Ces modifications "visent à se rapprocher du niveau de sûreté des réacteurs de 3e génération", alors qu'à Cattenom tournent des réacteurs de 2e génération. Depuis 40 ans "nous avons déjà réalisés trois visites décennales" qui ont "apporté un renforcement du niveau de sûreté et là on va encore nettement plus loin. C'est quasiment deux fois plus de modifications qu'aux 30 ans".
Pour la construction d' un hypothétique EPR 2 à Cattenom dont le directeur avait fait état en janvier "c'est le gouvernement français qui fera le choix. Ce sont les élus autour de Cattenom qui devront demander un réacteur EPR2. Est-ce que la population, les élus y sont favorables?
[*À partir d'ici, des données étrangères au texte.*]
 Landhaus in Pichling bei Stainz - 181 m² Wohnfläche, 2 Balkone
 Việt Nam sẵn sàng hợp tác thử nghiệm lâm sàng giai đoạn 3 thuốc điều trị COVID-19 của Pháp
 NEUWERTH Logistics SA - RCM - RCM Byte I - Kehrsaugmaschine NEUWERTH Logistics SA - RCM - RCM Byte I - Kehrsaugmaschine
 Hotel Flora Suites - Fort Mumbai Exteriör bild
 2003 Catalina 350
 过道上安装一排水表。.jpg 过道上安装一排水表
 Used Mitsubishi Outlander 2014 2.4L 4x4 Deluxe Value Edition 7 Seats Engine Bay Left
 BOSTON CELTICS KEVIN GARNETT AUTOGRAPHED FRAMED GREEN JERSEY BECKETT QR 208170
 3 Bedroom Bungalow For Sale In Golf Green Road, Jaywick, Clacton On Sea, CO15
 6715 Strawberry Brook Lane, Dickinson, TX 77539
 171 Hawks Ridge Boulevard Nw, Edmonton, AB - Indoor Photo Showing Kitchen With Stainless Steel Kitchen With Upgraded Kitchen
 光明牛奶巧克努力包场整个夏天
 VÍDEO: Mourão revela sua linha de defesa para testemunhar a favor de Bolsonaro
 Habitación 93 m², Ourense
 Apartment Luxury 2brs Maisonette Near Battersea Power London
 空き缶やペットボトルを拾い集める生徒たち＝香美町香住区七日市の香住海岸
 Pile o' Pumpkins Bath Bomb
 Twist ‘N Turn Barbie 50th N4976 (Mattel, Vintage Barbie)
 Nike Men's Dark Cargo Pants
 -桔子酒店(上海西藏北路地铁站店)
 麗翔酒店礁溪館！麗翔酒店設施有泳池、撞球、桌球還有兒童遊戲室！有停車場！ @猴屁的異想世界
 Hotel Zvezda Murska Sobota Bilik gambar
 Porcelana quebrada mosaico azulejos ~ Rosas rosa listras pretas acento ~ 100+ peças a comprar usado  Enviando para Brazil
Les conditions autour de Cattenom le permettraient: il y a du terrain, il y a de l'eau. Maintenant ce sera un choix qui sera politique", explique Jérôme Le Saint.
240 milliards d'euros investis dans le nucléaire d'ici 2050
Dan Jorgensen était "très reconnaissant" pour les quelques heures passées sur le site mosellan. Le commissaire européen à l'énergie a expliqué devant la presse convoquée ce lundi après-midi à Cattenom, que "l'énergie nucléaire a un rôle déterminant à jouer dans la construction d’un système énergétique résilient et plus propre".

© Maurice Fick / RTL
Avec la Commission européenne, "nous avons avons récemment réalisé une évaluation des investissements nécessaires dans le secteur du nucléaire", a t-il expliqué en faisant référence au 8e Programme Indicatif Nucléaire (PINC) dévoilé le 13 juin. Avant d'expliquer que "d’ici à 2050, les besoins en investissements sont considérables: plus de 240 milliards d’euros".
Ce chiffre est basé sur ce que les pays membres ont prévu dans leurs programmes pour la fonctionnement des centrales existantes, étendre la durée d'exploitation des centrales et la construction de nouveaux réacteurs de dernière génération. Le commissaire a précisé que "des investissements supplémentaires sont nécessaires pour des technologies plus avancées, comme des petits réacteurs modulaires (SMR), des réacteurs avancés (AMR) des microréacteurs et la fusion nucléaire, pour un futur à long terme". Il a promis que pour les SMR et la fusion, la Commission "avancera de nouvelles initiatives dans les mois à venir".
"Un autre domaine dans lequel nous devons faire plus", a poursuivi Dan Jorgensen, "est l'électrification. Dans notre plan d'action pour l'énergie abordable on pourrait aboutir à une part de l'électrique qui serait de 32 à 33% de l'énergie globale consommée d'ici 2030. En 2023 elle était à 23%".